For modern society, food is not just to satisfy our hunger. There are many meanings behind every dish—different experiences and memories for each person will create different impressions.
Indonesia offers a rich heritage of cuisines throughout the archipelago with its abundance of spices. Recipes, hands down from generation to generation, become a cultural value that people still hold on to.
UK-based Indonesian food champion Petty Elliott has been in the culinary field for almost 20 years and is famously known as a chef, writer, entrepreneur, and philanthropist. Her passion for Indonesian cuisine has led her from cooking in her family at home to being a guest chef in several prestigious hotels and resorts worldwide.
Is there anyone in your family that inspired you to cook?
My grandmother from my mother’s side, so my maternal grandmother, my Oma. I called her Oma.
Did you often cook with your Oma when you were a child?
Yes! I started to learn to cook from my Oma; from all her grandchildren, I was the one that always helped her in the kitchen; it’s like I was her sous chef. When I was little, after school, while my parents were working, we would go to Oma’s house, and while my siblings went to play, I would go to the kitchen to help my Oma cook; she was a great cook. I always enjoy cooking with her very much. She would take me to the traditional market, and back then is, where I learned about the abundance of ingredients we use. The different kinds of spices – which one is ginger, galangal, or turmeric, their differences in flavor, texture, and looks.
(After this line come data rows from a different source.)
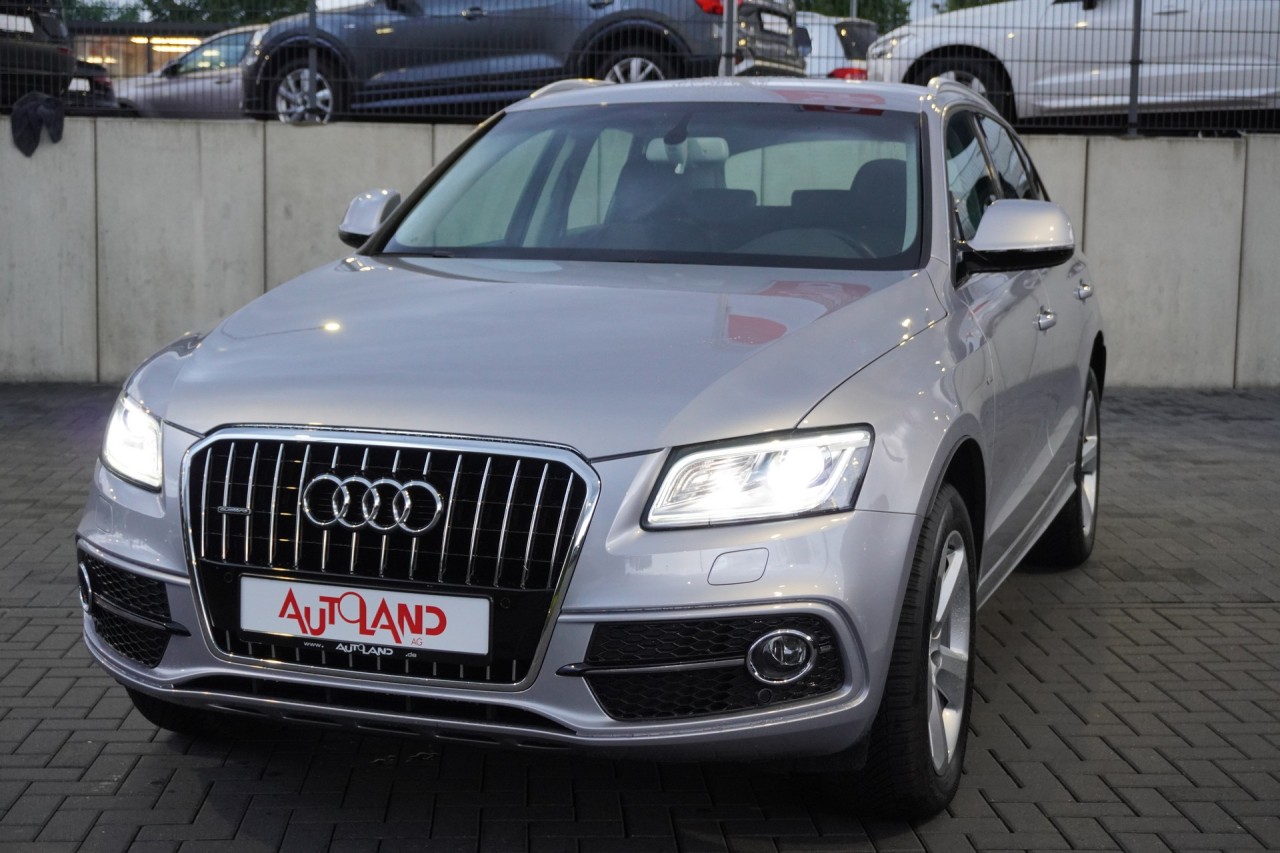 Audi Q5 2.0 TDI quattro S-Line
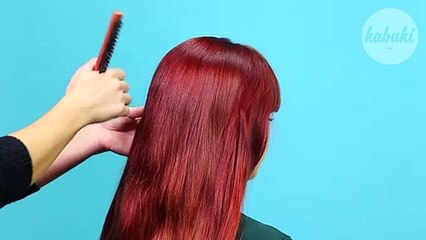 Coiffure : le tutorial coiffure pour réaliser une "pancake heart"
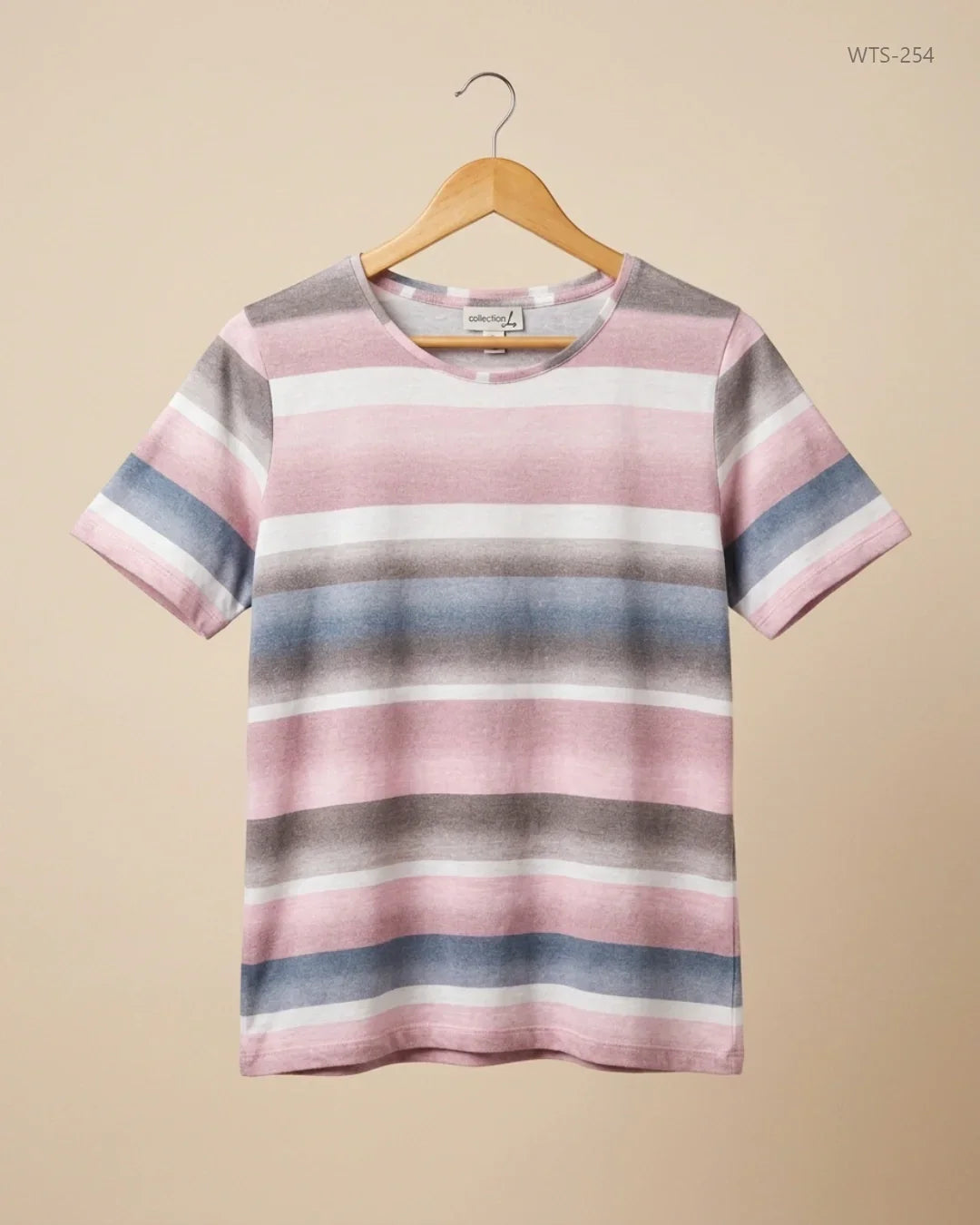 Preloved Premium Womens Tshirts by collection, Pink Cotton for Womens - OTS Thrift Shop Lahore Pakistan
What is your favorite dish that she made?
There is a lot; she was a great cook. But I think my favorite would be Sup Ikan Kuah Asam – a clear seafood soup. The broth is clear with a refreshing taste and very comforting. The seafood is infused with lemongrass, chili, Kemangi, chopped garlic, and shallot. It is very easy to make yet so delicious and comforting – it’s also her favorite dish. I always remember my Oma every time I make that.
Do you have any memorable food memories with your family?
The food memories with my family are a lot, especially when we live in Manado. Christmas and Easter celebrations usually are the most significant celebration. We would do a buffet – from my Oma, my mom, my aunties we will fill the table with lots of food all dong long, especially at Christmas.
For us, food is essential, and the table is the center of the family. We love to eat food at home, but we also love to go out in the city to try different dishes. I’ve tried Soto Makassar, Lao Lao noodles, and Sarikaya. And all these different cuisines helped me understand better when I started to get involved in the culinary world.
I think Manado culture has quite a strong European influence, but I see all this connection with Manado food and other cuisines in different regions in Indonesia. For instance, Nasi Kuning. Nasi Kuning in Manado has a different flavor from Nasi Kuning in Java. It is fascinating to see that every region has its taste profile, but the spices connect us.
Can you share one of the recipes passed down from your family? And why is that recipe meaningful to you?
There is quite a lot, from Woku Belanga, Sup Ikan Kuah Asam, Klapertart, and many more. But if it’s a simple one, a fusion that showcases my family’s heritage would be Roast Chicken with Sambal Dabu-Dabu. My children are half British, so I always try to combine British cuisine with Indonesian food, especially Manado, and I know Roast Chicken is very British – when it’s usually served with gravy, but I made it with Dabu Dabu instead, and it is super delicious.
It is pretty easy to make; the roast chicken is seasoned with salt, black pepper, and a squeeze of lime and rub it with coconut oil. Then, serves it with Sambal Dabu Dabu. It’s a bit more modern, but the addition of Dabu Dabu will give more flavor to the chicken.